Déconfinement : moins de métro, plus de vélo

12/05/2020
Les modes de vie après la période de confinement vont forcément changer. Moins de transports en commun et plus de déplacements à mobilité individuelle. La marche, la course, le vélo pourraient ainsi être les grands gagnants du déconfinement.

Des plans vélo

Si le confinement a considérablement fait baisser l’activité physique chez les Français, il se peut que la vie qui va s’ouvrir après le déconfinement puisse au contraire promouvoir une organisation sociale avec plus d’activités physiques quotidiennes. Notamment dans les grandes villes. En effet, la distanciation sociale obligatoire va rendre l’utilisation des transports en commun beaucoup plus difficile sans parler de l’appréhension d’y être contaminé par le coronavirus. De sorte que les moyens alternatifs aux transports en commun vont considérablement se développer.

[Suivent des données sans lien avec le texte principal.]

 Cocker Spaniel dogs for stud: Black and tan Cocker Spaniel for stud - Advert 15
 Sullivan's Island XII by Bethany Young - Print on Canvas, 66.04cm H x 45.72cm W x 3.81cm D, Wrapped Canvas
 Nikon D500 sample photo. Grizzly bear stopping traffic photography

Il y a d’abord la possibilité que l’on assiste à l’augmentation massive de l’utilisation des voitures individuelles comme cela a été le cas en Corée du Sud, d’autant que le prix du carburant a baissé.. Pour éviter ce phénomène qui pourrait considérablement impacter la qualité de l’air, certaines villes comme Paris, Saint Malo, le Grand Lyon, Bordeaux… ont décidé de mettre en place un grand plan vélo pour donner rapidement aux cyclistes l’accès aux voies publiques. La mesure spectaculaire qui traduit ce mouvement est la fermeture à partir du 11 mai à Paris de la rue de Rivoli aux voitures. À Saint Malo, 11 nouveaux circuits seront ouverts au vélo. Pour le Grand Lyon, ce sont 77 km de nouvelles pistes cyclables qui vont être créés très rapidement.

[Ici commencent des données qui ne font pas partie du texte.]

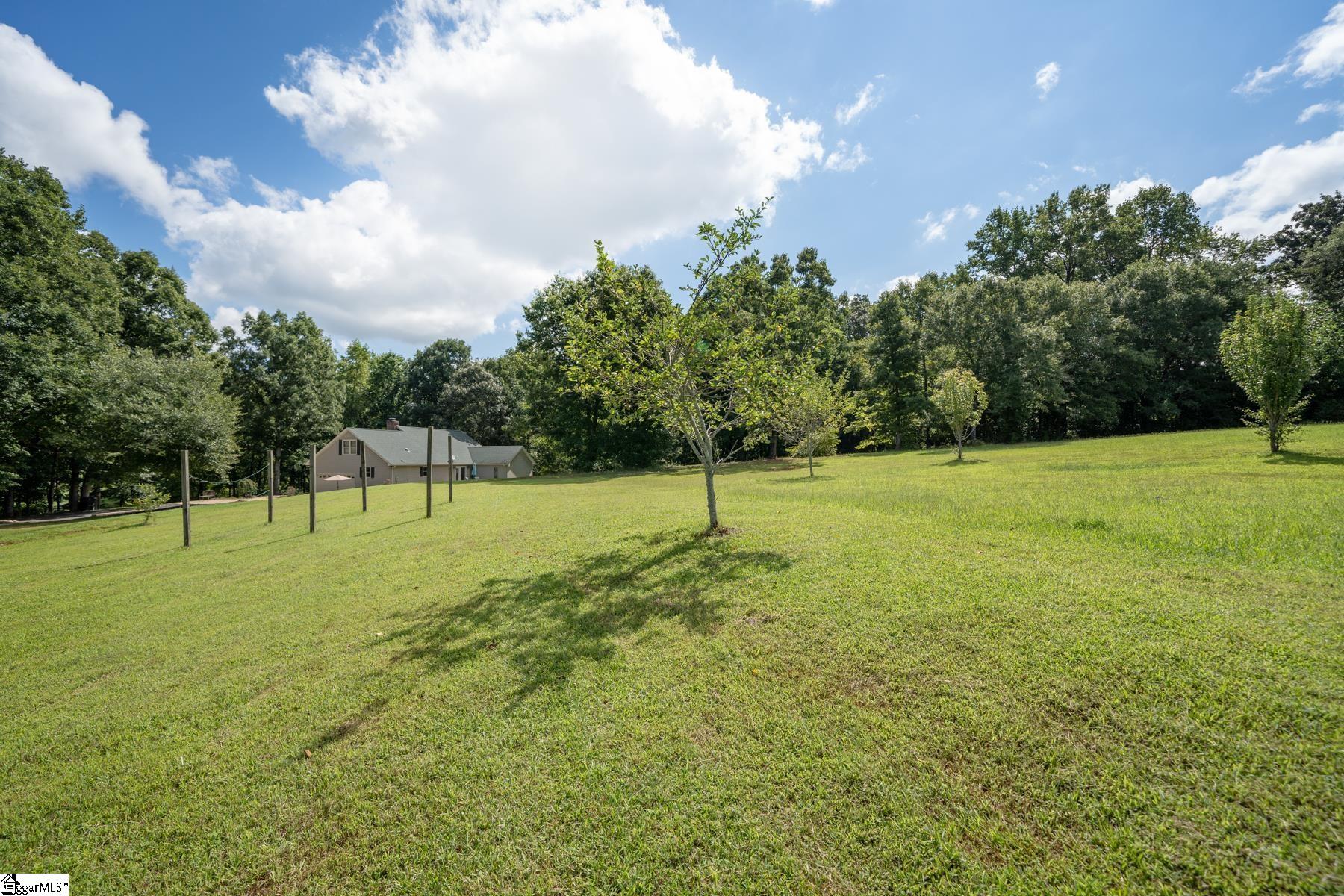 175 Brashears Road Campobello, SC 29322 - Photo 26 of 36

Beaucoup de personnes devraient également choisir de se rendre à leur travail à pied, même si le lieu est assez éloigné de leur domicile.

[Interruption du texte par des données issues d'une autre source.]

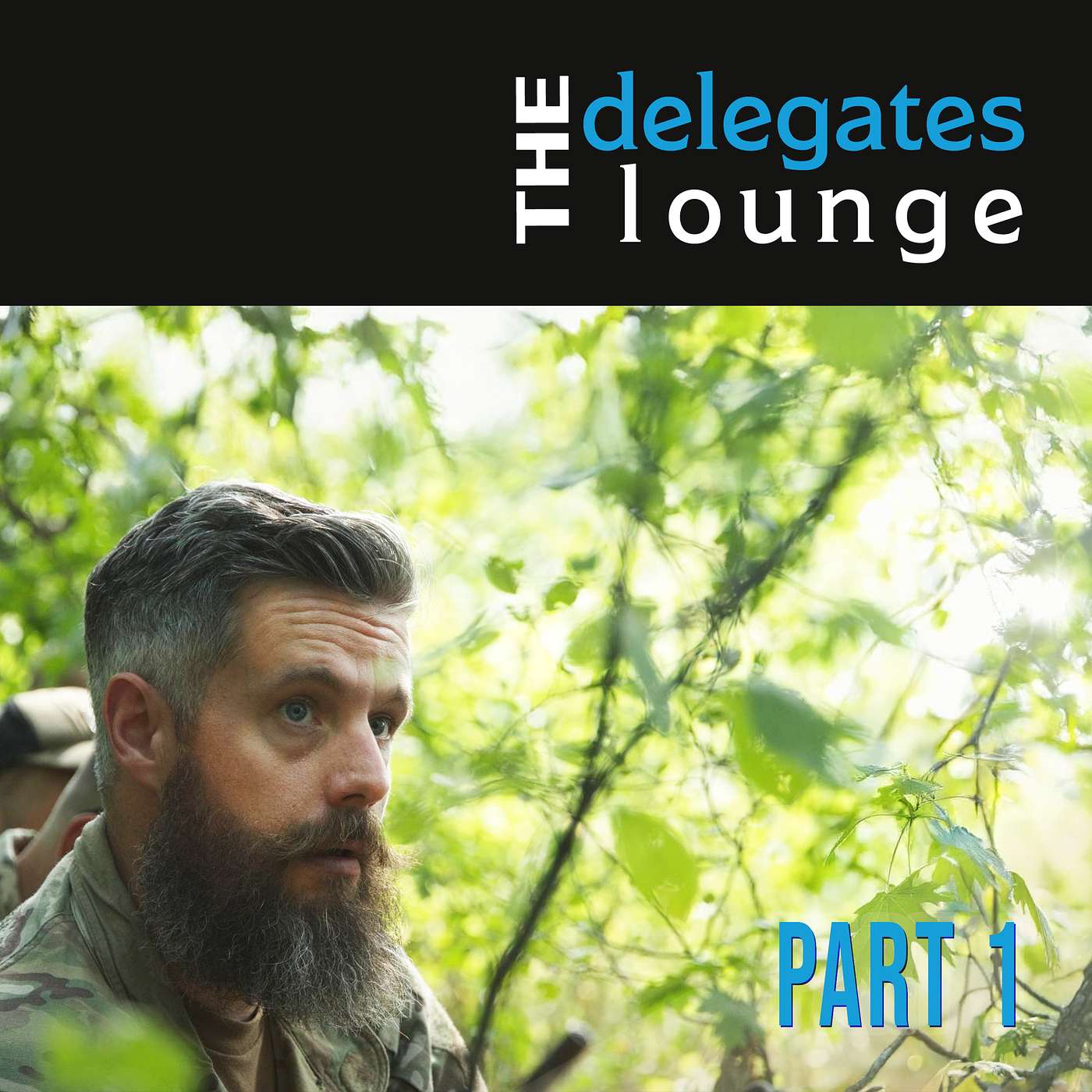 The Delegates Lounge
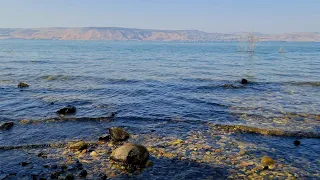 Sea of Galilee: The Gentle Sounds of Splashing Waves for Calming and Relaxation!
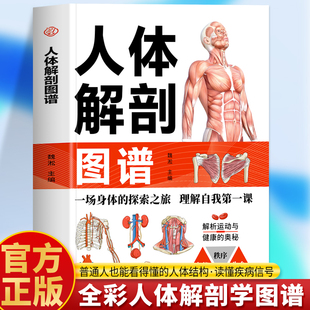 人体解剖图谱正版 人体结构彩色图谱临床医学肌肉骨骼全彩局部解剖学人体骨骼结构书生理学书籍 奈特人体解剖学图谱结构和功能图谱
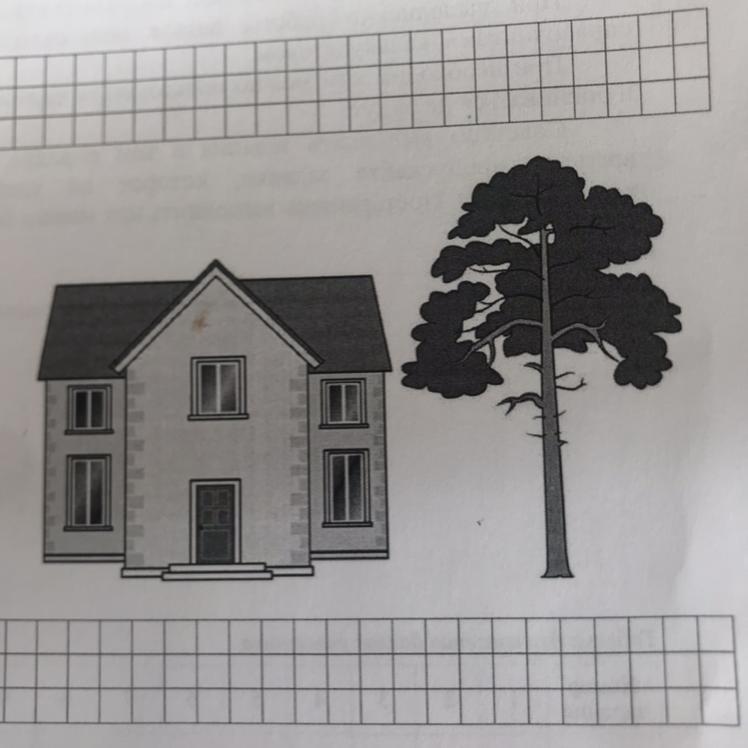 На рисунке изображены здание и стоящее рядом дерево высота дерева 10 м
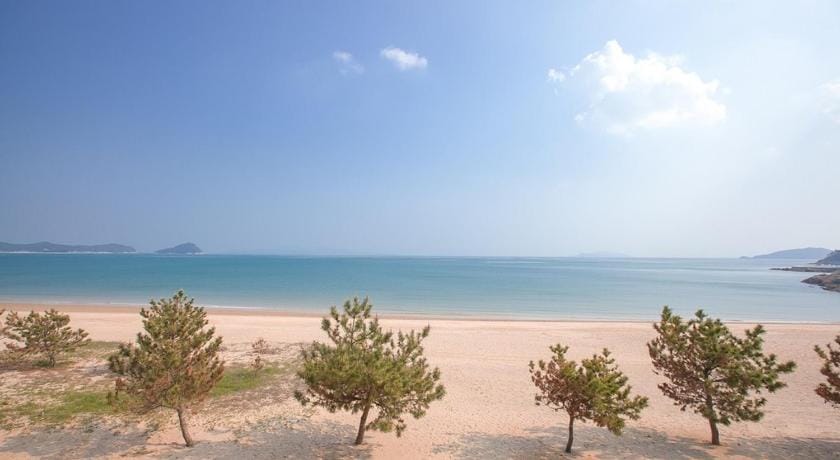 Ireland Bed and Breakfast in South Korea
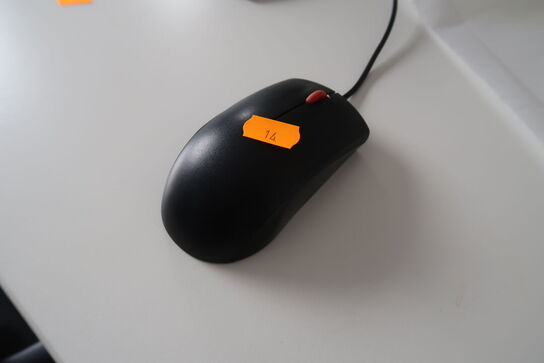 Computerskærm, dockingstation samt tastatur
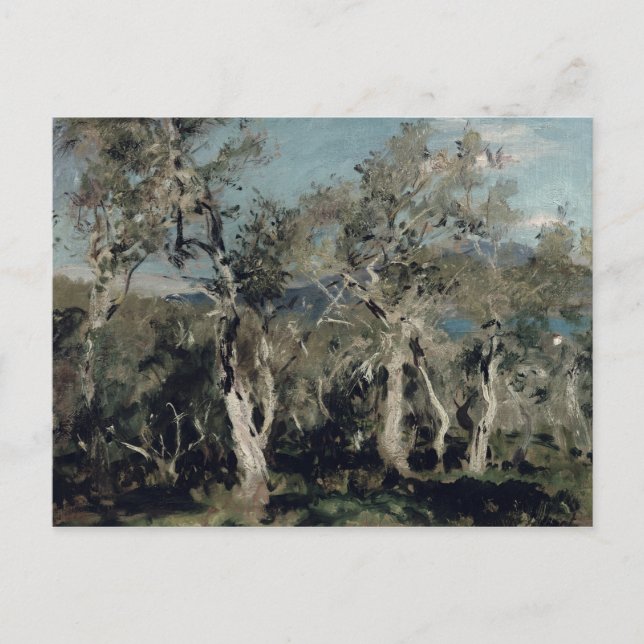 Olives, Corfu, 1912 Postcard (Front)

La marche rapide consommatrice d’énergie

Cela ne serait pas sans effet sur leur condition physique, d’autant que ces trajets allongés permettraient d’atteindre ce qu’on appelle la zone d’endurance, c’est-à-dire après au moins une demi-heure de marche. Par ailleurs, la marche rapide, soit à partir de 6 km/h, permet de brûler beaucoup de calories. Autant que certains sports. On estime qu’un homme de 70 kg va brûler aux alentours de 300 calories après 1h de marche à allure soutenue. Le chiffre tombe à 180 calories pour une marche lente (c’est à dire de 3 km/h). Il faut compter 275 calories pour une femme de 60 kilos à marche rapide et 165 à marche lente. Si l’on utilise le vélo, la dépense énergétique sera à peu près la même qu’avec la marche rapide… On parcourt certes plus de kilomètres mais on est porté et il n’y a pas d’impact au sol. C’est pourquoi si l’on choisit d’aller travailler en courant, à 13 km/h, la dépense énergétique va doubler par rapport au vélo.

Cette dépense calorique va dépendre de plusieurs facteurs. D’abord le poids. Plus on est lourd, plus on brûle des calories à l’effort. Ensuite, le sexe. À poids égal, les hommes ont une plus grosse dépense énergétique que les femmes. Enfin, l’âge intervient. La dépense énergétique diminue après quarante ans… C’est-à-dire qu’il faut produire plus d’effort pour une femme mince de 43 ans que pour un jeune garçon fort de vingt ans pour dépenser le même nombre de calories. Pour cela, il faudra donc plutôt privilégier le vélo mécanique au vélo électrique. Celui-ci a cependant l’immense avantage de ne pas arriver en sueur au bureau…

Quant à la trottinette, son usage est ou sera davantage règlementé dans les villes pour une meilleure cohabitation avec les piétons. Sa dépense énergétique est plus importante que la marche, en revanche, c’est une discipline asymétrique, c’est-à-dire qu’on va davantage travailler sur son pied d’appui. Il faut alors essayer de changer son pied d’impulsion… Mais de toute façon, passer du transport en commun à ces modes de locomotion individuels, pour ceux qui le peuvent, va vraiment impacter positivement leur condition physique et donc leur état de santé.